On the contrary, there was an abundance of verifiable evidence that has been ignored, contained in, inter alia, the Lessons Learnt Reconciliation Commission (LLRC), the ‘Paranagama Commission’, reports from the UN and international agencies including the UNDP, UNICEF and the ICRC, as well as information presented before the UK House of Lords by Lord Naseby challenging among other things the vastly-exaggerated civilian casualty figures. Expert opinions including by international legal luminaries, as well as dispatches in real time by Colonel Anton Gash, Military Attaché of the British High Commission in Colombo and statements by Lt. Col. Lawrence Smith who had served as Defence Attaché of the US Embassy during the last phase of the conflict, also contested this narrative. 

Ambassador Aryasinha also observed that, having had Sri Lanka co-sponsor UN Resolution 30/1 in October 2015 and extracted a commitment that Sri Lanka would initiate an accountability mechanism which would include foreign judges and lawyers, which was unconstitutional, for five years neither the UN bodies nor the US and other proponents of this resolution, pressed the previous Government to carry out its promises. 
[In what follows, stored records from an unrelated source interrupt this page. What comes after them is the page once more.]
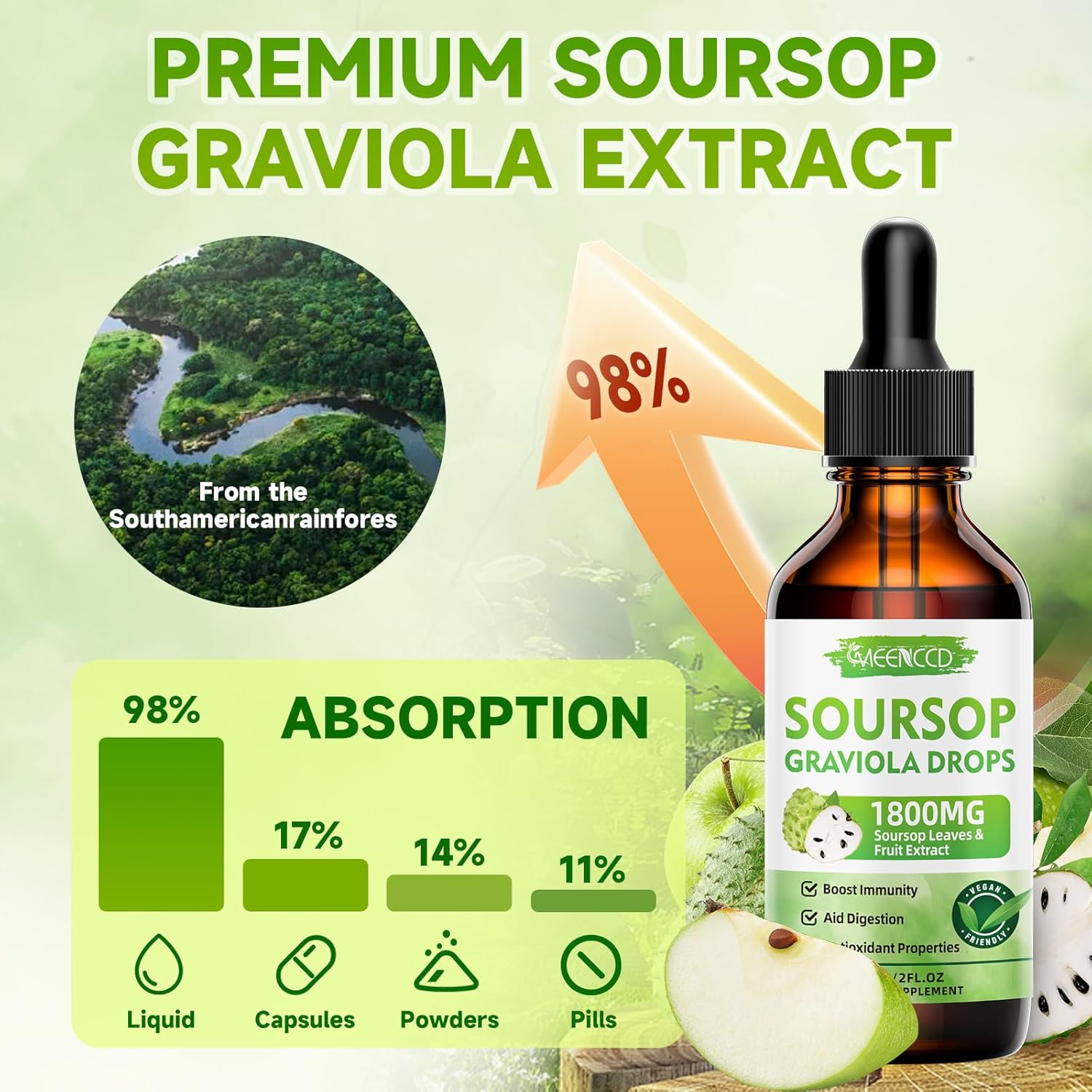 Meenccd Soursop Graviola Liquid Drops 1800Mg For Cell Support & Regeneration, Immune Boost, Relax, Liver And Zzz, Soursop Bitters Liquid, Herbal Goodness, Vegan, Sugar Free, Apple Flavor, 4 Fl Oz : Health & Household
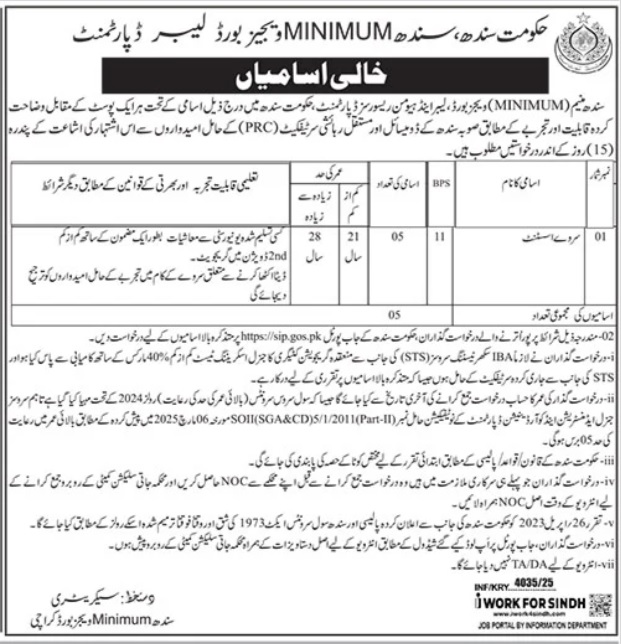 Latest Sindh Minimum Wages Board Jobs Karachi 2025
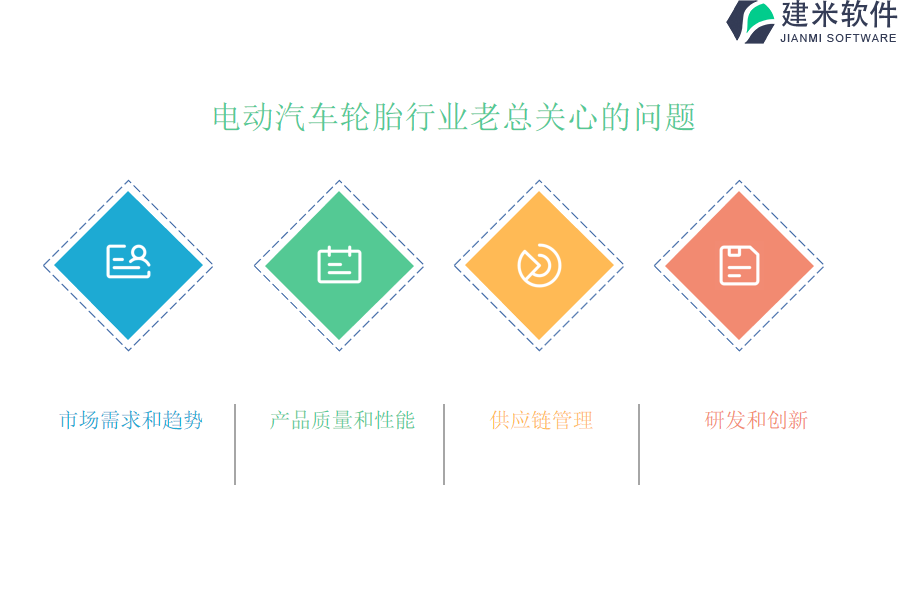 电动汽车轮胎行业OA系统、ERP系统的优点与缺陷剖析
He said, calling for an ‘international mechanism’ at this juncture was sinister, at a time the present Government had provided a credible transparent domestic process to address the concerns raised, by in January 2021 instituting a Presidential Commission of Inquiry (PCOI), which had on 4 March “invited any person, persons or organisations to submit written representations or information or any other material which relates to the above for the Commission to inquire”. The Commission has been conducting hearings since April and heard testimony from witnesses.